St. Brown was drafted last of the three receiver picks last year. At 6’5”, he is the largest of the three picks and he has shown the ability to use his size to make contested catches. The biggest issue for St. Brown in consistency, something the coaching staff is hoping will be more prevalent in his second season. As a rookie, EQ finished strong with a career-high five catches for 94 yards in his final game of the year against the New York Jets.
J’Mon Moore is often the forgotten member of last year’s draft class because he struggled the most as a rookie. Moore made only two catches for 15 yards all season. His biggest issue seemed to be picking up the offense and adjusting to the NFL game after a strong college career at Missouri. Moore and all the receivers will have to learn a new offense this season as coach Matt LaFleur installs his system.
“I didn’t pick up the offense,” Moore admitted late last season. “It took me a long time to understand a lot of things and do it the right way. You get chances and if you mess up those chances, it’s the NFL. They keep going. The other two rookies, they were able to catch on, understand it faster than me, which held me back.”
Once Moore picks up the offense, he has the physical tools to compete for a bigger role in this offense.
“Confidence is key with me,” Moore said. “Me being the type of player I am, not playing confident takes away from my game. Because once I’m confident, can’t nobody stick me. If I’m not out there believing in myself or knowing what I have to do, I can’t play fast, I can’t play with that swag, I can’t play with the mentality I need because my confidence is gone.”
Other players on the roster are long shots to be the third receiver. Jake Kumerow is the most prominent of this group. He has size and a bit more experience than the three players drafted last season. After a strong preseason, injuries limited Kumerow to just five games during the regular season. He made five catches for 103 yards which included a 49-yard touchdown catch against the Jets.
Kumerow will fight for a roster spot along with return specialist Trevor Davis, Allen Lazard, Jawill Davis, Matthew Eaton, Teo Redding and Darrius Shepherd.
When the dust settles and training camp is over, the Packers need at least one of these second-year players to take a big step forward in 2019.

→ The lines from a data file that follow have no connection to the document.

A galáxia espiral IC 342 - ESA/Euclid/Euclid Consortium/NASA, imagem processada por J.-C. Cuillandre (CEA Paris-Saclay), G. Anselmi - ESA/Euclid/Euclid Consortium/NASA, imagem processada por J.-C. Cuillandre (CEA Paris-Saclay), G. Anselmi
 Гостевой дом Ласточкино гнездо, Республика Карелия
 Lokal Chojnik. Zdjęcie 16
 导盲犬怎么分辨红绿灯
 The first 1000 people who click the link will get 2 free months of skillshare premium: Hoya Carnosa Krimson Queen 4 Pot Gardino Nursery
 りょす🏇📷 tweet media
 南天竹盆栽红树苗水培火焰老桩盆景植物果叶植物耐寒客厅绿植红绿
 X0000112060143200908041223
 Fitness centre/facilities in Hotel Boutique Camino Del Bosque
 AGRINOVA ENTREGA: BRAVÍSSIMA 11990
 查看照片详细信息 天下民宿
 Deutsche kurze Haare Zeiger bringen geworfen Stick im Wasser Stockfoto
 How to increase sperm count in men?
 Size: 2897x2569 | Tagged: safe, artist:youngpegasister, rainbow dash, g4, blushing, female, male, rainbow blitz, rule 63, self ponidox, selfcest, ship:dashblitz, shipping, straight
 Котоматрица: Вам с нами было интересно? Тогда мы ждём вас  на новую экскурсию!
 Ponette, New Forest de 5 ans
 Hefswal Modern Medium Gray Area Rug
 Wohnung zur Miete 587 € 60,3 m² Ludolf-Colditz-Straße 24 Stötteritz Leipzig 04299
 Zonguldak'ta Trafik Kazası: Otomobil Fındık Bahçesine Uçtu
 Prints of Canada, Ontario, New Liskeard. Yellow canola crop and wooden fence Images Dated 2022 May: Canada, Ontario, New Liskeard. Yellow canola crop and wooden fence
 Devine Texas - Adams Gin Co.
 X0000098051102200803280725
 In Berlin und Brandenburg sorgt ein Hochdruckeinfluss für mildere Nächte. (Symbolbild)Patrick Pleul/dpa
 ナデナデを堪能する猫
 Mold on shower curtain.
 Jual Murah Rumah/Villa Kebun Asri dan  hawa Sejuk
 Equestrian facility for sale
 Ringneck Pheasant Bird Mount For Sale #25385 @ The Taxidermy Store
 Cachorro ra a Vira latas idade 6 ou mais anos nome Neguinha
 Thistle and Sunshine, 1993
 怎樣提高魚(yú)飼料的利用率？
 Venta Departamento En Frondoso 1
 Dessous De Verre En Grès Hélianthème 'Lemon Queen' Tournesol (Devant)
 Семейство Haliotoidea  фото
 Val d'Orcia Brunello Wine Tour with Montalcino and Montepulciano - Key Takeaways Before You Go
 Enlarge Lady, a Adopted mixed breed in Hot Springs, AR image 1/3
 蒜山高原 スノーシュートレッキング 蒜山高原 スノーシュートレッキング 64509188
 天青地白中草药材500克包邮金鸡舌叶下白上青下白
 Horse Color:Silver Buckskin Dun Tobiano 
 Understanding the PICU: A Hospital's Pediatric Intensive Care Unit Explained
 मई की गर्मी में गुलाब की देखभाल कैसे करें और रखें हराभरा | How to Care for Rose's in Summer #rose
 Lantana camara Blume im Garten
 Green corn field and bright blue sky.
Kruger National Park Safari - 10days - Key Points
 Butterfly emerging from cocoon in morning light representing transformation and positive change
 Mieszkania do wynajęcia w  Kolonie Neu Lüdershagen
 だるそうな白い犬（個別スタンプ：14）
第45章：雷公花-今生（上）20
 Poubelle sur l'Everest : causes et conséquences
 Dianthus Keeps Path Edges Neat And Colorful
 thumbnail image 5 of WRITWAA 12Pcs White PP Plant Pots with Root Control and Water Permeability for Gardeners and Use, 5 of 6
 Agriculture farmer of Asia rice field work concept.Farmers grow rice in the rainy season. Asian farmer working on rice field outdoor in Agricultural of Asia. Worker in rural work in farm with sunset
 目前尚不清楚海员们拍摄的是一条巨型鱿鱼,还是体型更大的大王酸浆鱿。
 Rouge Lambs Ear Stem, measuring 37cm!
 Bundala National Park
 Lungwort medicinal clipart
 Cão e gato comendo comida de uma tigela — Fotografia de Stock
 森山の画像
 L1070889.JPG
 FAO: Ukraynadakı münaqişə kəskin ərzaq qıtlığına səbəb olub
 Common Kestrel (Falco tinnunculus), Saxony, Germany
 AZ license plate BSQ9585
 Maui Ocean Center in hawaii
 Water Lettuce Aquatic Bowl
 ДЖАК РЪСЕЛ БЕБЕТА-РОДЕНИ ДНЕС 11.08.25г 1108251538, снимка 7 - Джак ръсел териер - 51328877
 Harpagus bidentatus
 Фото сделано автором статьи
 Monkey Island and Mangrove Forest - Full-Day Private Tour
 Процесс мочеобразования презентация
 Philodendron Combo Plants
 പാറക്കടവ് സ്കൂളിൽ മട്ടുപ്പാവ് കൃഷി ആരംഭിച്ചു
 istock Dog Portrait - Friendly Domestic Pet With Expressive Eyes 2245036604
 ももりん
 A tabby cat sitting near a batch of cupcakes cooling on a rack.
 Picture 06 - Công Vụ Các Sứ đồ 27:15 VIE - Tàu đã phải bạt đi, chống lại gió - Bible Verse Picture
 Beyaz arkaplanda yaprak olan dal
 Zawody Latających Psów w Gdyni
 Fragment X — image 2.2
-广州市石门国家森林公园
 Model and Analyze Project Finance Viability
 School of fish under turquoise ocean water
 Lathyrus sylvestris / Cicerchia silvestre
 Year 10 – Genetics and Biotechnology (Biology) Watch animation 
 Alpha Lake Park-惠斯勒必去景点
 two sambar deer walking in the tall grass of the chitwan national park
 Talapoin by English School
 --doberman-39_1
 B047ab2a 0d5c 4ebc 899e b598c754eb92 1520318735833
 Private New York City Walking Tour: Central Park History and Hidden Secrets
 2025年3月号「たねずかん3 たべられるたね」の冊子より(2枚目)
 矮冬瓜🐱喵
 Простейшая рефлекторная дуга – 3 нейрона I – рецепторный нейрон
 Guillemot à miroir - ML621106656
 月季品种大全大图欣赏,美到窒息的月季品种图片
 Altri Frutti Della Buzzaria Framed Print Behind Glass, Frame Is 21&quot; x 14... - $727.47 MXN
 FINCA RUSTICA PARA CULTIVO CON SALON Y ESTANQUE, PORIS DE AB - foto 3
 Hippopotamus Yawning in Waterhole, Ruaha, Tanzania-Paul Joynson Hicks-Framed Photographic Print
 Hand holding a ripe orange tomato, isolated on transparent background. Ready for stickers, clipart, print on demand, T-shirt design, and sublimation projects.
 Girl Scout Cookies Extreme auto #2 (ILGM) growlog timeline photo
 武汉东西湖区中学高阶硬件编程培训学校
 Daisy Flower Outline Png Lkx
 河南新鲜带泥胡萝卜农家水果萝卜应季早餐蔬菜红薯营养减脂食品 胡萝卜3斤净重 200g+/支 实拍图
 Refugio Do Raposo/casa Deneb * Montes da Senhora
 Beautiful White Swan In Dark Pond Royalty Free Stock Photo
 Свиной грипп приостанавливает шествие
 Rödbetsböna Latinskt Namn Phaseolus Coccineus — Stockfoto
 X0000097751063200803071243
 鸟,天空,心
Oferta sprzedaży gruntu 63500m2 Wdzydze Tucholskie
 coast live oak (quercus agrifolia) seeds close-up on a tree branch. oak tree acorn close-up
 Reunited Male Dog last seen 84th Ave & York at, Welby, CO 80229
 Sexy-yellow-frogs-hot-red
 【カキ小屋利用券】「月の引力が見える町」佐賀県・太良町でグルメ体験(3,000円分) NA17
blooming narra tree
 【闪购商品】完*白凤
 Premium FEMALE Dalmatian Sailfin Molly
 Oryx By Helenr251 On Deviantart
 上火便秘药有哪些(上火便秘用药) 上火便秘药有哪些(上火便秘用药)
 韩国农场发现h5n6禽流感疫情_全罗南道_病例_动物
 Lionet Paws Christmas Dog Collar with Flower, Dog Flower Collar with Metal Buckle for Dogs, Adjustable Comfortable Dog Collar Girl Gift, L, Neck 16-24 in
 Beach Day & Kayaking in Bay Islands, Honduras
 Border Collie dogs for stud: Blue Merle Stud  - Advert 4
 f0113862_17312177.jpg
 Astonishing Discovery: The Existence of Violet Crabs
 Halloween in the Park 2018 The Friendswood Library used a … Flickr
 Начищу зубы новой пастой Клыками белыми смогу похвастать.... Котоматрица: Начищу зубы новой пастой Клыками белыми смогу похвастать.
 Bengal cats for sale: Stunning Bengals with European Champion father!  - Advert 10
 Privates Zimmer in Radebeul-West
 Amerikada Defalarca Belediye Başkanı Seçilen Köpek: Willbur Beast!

Rodgers seemed confident that this will happen although he emphasized the young players need to earn their spot. “Respect is earned, respect isn’t freely given,” Rodgers said. “And I think with some of the young players, there is a greater sense of entitlement. It’s just the world that we live in. There’s a different kind of style coming in. But respect is always earned, and the opportunities to earn their respect are there from day one, meeting one, conversation one, and I look forward to seeing those guys grow this year.”